Sharpe Holdings describes itself as a corporation “that employs more than 50 full-time individuals in industries including farming, dairy, creamery and cheese-making.”

The various operations are part of Heartland Ministries, a religious community in northeast Missouri founded by Charles N. Sharpe, who also is the chief executive of Sharpe Holdings. The firm provides insurance to its employees through a self-insurance program.

Suit targets only IUD, 'morning-after' pills

Sharpe and two employees – Judi Diane Schaefer and Rita Joanne Wilson – filed suit on Dec. 20, contending that the copper IUDs and the "morning-after" pills can prevent implantation of a fertilized human egg and therefore amount to an early abortion.

According to court documents, Sharpe and the other plaintiffs are singling out only the IUD and morning-after pills and are not challenging other contraceptives.

Sharpe’s lawyer, Tim Belz, said in an interview that his client is “a very religious guy” but “not Catholic, so he doesn’t object to the contraceptive mandate as such." Belz emphasized that the suit only cites objections to the copper IUD and the two types of pills taken after sexual intercourse to prevent pregnancy.
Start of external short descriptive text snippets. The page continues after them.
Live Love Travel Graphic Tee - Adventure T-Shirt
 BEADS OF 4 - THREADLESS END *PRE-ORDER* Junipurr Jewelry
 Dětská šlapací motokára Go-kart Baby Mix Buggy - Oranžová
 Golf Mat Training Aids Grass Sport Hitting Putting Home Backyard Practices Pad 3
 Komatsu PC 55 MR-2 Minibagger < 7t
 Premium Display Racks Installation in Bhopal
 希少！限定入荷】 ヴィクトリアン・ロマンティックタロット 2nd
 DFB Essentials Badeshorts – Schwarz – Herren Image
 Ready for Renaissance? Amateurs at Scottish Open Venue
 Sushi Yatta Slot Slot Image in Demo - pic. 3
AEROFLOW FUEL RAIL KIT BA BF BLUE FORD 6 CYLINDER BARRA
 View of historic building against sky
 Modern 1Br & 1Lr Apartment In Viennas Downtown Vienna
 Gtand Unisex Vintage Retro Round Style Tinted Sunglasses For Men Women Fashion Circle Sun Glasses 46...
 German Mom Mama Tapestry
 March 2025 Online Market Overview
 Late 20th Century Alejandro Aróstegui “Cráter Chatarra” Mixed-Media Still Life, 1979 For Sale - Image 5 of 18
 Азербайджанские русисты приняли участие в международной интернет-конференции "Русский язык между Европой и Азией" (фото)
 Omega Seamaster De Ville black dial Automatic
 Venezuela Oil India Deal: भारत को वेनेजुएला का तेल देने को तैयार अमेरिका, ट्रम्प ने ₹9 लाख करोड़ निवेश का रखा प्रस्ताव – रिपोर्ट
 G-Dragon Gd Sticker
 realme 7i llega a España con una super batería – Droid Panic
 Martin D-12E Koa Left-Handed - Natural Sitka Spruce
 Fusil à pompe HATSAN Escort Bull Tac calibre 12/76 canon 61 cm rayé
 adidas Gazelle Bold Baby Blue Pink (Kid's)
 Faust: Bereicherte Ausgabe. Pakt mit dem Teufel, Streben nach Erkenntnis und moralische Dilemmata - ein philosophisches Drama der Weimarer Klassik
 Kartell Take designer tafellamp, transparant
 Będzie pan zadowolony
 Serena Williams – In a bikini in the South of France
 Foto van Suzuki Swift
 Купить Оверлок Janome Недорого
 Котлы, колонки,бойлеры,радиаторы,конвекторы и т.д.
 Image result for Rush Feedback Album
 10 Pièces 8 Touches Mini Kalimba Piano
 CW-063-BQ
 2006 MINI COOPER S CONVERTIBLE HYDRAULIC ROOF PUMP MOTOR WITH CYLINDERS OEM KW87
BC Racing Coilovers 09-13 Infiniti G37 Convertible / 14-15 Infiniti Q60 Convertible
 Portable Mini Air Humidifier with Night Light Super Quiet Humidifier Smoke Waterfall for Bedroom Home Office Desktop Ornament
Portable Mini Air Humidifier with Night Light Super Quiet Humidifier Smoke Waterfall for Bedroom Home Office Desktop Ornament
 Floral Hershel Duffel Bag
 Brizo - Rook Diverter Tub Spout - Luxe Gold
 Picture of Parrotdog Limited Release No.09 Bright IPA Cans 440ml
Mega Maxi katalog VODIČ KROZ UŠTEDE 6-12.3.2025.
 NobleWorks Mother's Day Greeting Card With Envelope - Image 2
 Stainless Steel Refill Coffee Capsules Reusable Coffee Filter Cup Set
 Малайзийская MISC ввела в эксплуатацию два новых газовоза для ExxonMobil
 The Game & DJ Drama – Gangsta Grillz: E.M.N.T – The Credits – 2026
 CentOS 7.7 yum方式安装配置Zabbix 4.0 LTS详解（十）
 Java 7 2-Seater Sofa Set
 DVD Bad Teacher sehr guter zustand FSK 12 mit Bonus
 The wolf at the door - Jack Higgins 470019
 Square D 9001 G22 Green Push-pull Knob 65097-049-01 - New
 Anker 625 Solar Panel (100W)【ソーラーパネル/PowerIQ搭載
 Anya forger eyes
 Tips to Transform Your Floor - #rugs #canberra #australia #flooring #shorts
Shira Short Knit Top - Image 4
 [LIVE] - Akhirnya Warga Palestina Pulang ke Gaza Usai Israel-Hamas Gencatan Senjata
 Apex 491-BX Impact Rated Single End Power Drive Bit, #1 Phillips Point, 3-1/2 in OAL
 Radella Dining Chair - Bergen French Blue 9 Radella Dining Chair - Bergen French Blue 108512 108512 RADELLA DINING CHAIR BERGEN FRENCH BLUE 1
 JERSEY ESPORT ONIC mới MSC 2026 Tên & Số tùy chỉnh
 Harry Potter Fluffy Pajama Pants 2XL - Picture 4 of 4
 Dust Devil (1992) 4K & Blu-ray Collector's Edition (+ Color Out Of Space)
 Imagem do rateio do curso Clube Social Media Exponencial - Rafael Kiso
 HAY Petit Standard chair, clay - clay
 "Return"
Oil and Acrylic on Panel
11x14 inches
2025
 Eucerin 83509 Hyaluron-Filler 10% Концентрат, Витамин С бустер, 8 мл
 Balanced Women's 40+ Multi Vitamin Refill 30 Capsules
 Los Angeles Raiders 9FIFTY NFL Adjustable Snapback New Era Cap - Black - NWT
Sharpe "shouldn’t be forced to provide them via the self-insurance plan,’’ Belz said. “It’s not his intent to keep employees from using these pills or devices” but doesn’t want to play a role by providing insurance coverage.

“It’s a matter of conscience,’’ Belz added, stating that Sharpe Holdings does provide coverage for other types of contraception.

Other two suits cite similar religious objections

This week's judicial order follows another little-noticed injunction, also obtained in December, by a St. Louis recycling business – American Pulverizer Co. The firm raised similar objections in its successful request to U.S. District Judge Richard Dorr, who also has temporarily barred enforcement of the ACA’s contraceptive-coverage mandate.

American Pulverizer is owned by Paul and Henry Griesedieck, religious conservatives who oppose abortion and share Sharpe’s contention that some contraceptives can cause early abortions.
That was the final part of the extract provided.